While the much-publicized events and revelations regarding this situation had already made a strong case for special counsel to be appointed, one particular recent discovery has made it absolutely imperative. Not only did Clinton’s emails contain over 1,700 emails with classified information, they contained SAP information—information classified at a level beyond top secret. This information was, and remains, such a security risk that the State Department refused to release even heavily redacted emails—it simply was “too damaging” to release in any form.  At this point, there is no doubt Clinton’s actions put our nation at risk.

Perhaps the need for special counsel would not be as clear and urgent without the troubling track record Clinton has had with the truth in this matter.  Chief among the many examples is that her story has changed from claiming she didn’t traffic in any classified material to she didn’t send anything “marked classified,” while continuing to deny she did anything wrong.  This attempt to excuse her behavior is simply not relevant—she was entrusted to keep marked and unmarked classified information secure.  She created the emails containing the classified material, and it would be absurd to think her failure to mark a document as classified would excuse the mistreatment of the information.  Further, she continued to store classified information in an unsecure manner for years.  Though she claims to have done nothing wrong, the evidence directly contradicts her public statements.

Polling has shown that over the years the American citizens’ trust in government has eroded. This is due, at least partly, to situations like this, where politically powerful individuals make statements that are completely contrary to the evidence, and are not held to the same standards as everyone else.  Ironically, it was President Clinton who in 1994 called the independent counsel “a foundation stone for the trust between the government and our citizens,” and “a force for government integrity and public confidence.”  Although independent counsel is no longer available, the sentiment remains equally applicable to the appointment of special counsel.

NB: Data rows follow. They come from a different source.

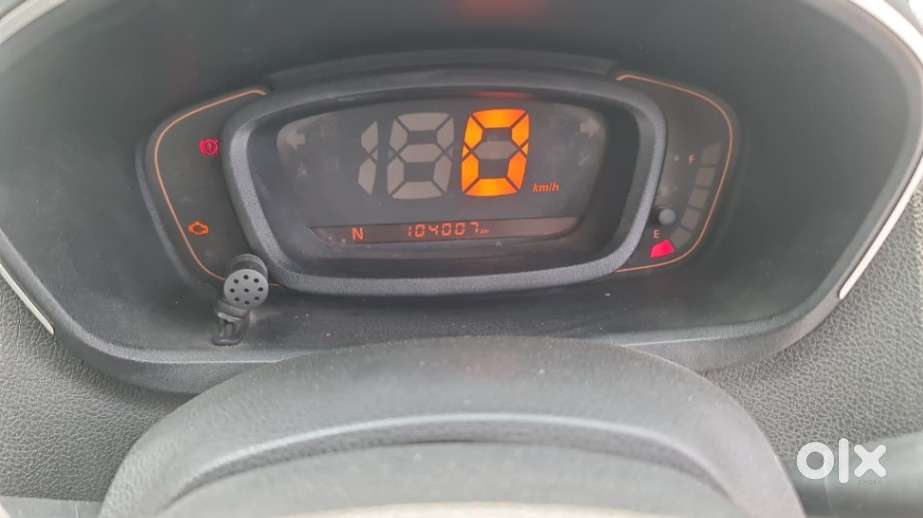 Renault Kwid 1.0 Rxl, 2017, Petrol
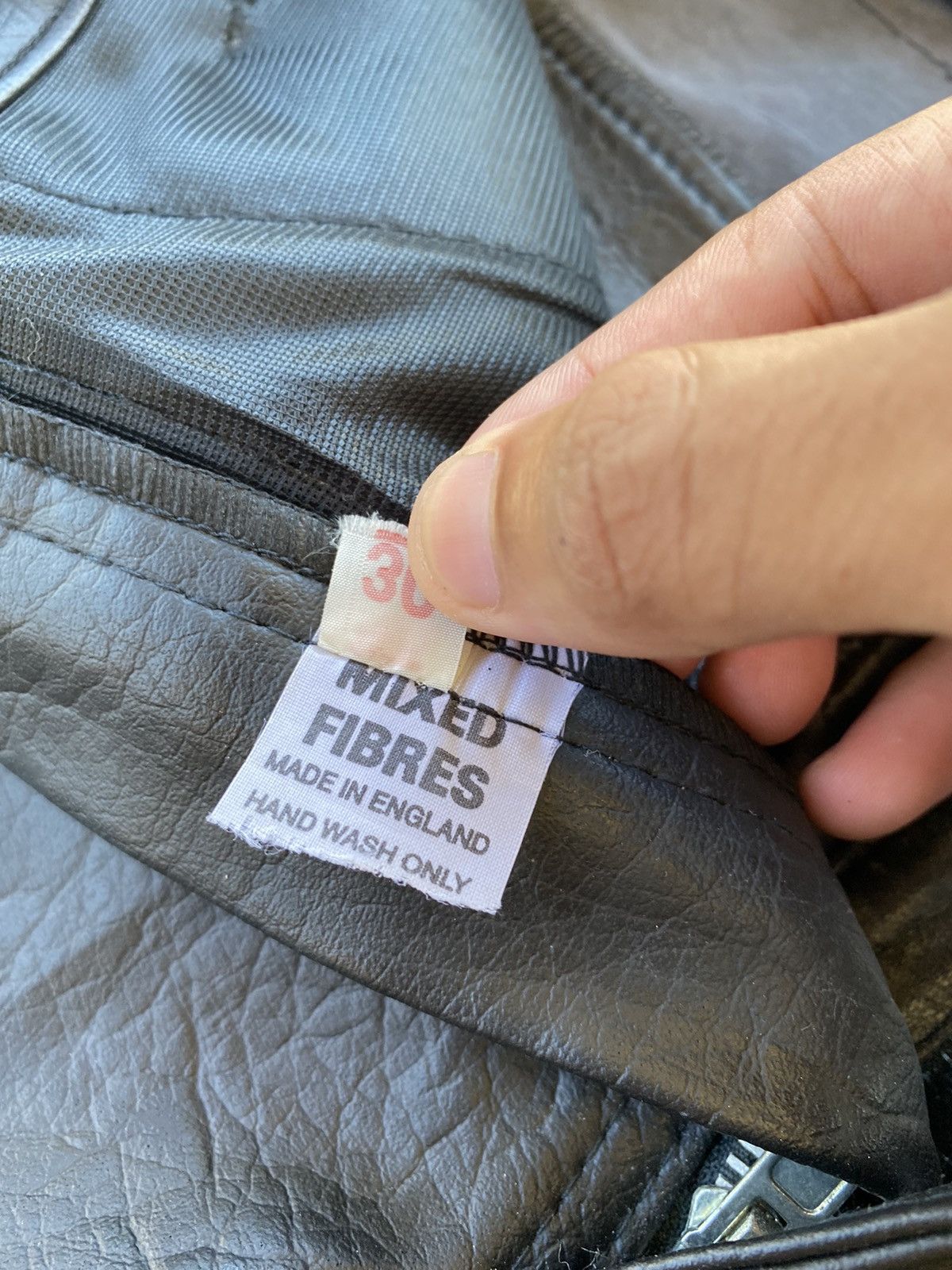 If Six Was Nine 80s🇬🇧 Tiger Alternative London Punk Bondage Pants Size US 29 - 8 Thumbnail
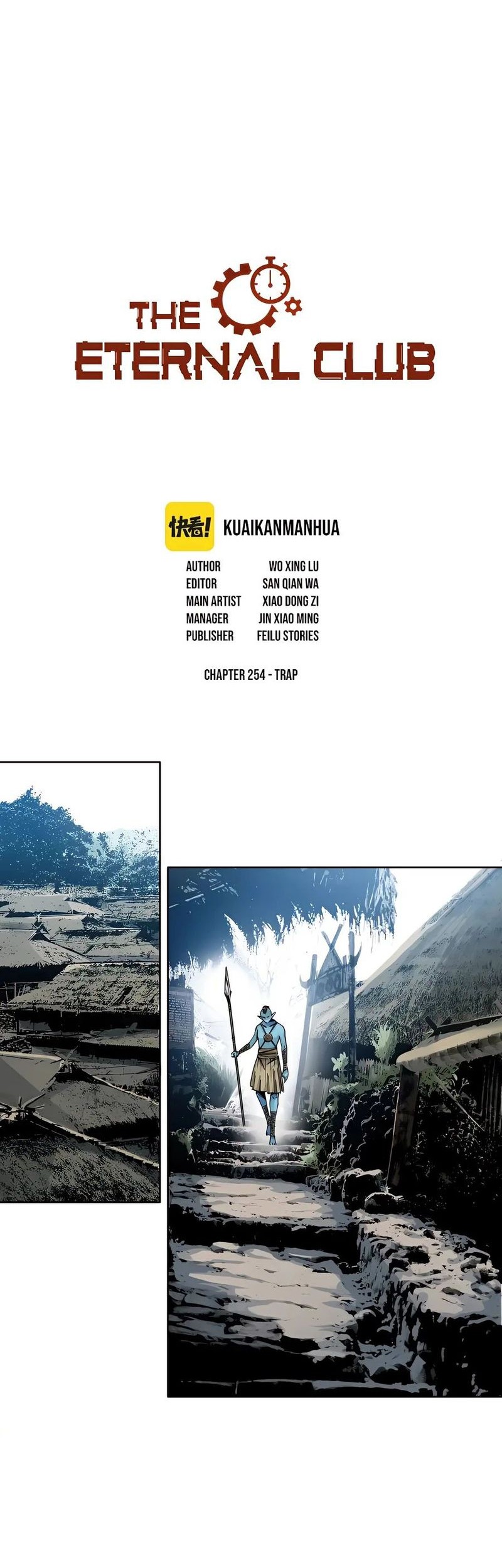 Eternal Club Chapter 254 Gambar 3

While I am encouraged the FBI is seriously investigating Hillary Clinton’s treatment of classified information, it is imperative someone independent from the administration is appointed. Our justice system is built on unbiased and equal treatment.  The political and personal ties between the president and Hillary Clinton prohibit this—President Obama appointed Clinton to the position and has practically endorsed her presidential bid. Both Clinton and Obama have made statements about the criminal case, indicating the outcome of the investigation would be favorable to Clinton in spite of the evidence.  The American people need to know that when the evidence dictates, even a politically powerful individual will be held to the same standard as all other citizens.  The integrity of the justice system requires appointment of special counsel with broad jurisdiction to investigate and prosecute any criminal violations discovered as the result of the use of Clinton’s private email system or discovered from the release of those documents.

It is a rare occurrence to appoint special counsel.  But it is also an unprecedented circumstance to have a secretary of State set up a private email server in her home to transmit classified information and expose the nation to security risks, and for that individual to then run to be commander in chief for the next four years.  Given the facts of this case—that it involves information at the highest echelons of our national defense and security, that the individual involved has misled and deceived at every turn, and that a clear conflict of interest exists with the Executive branch—no subjective person can believe the truth will be unearthed without a special counsel.

The American people deserve the truth, this tool will provide it, and on behalf of the American people—it should be deployed immediately.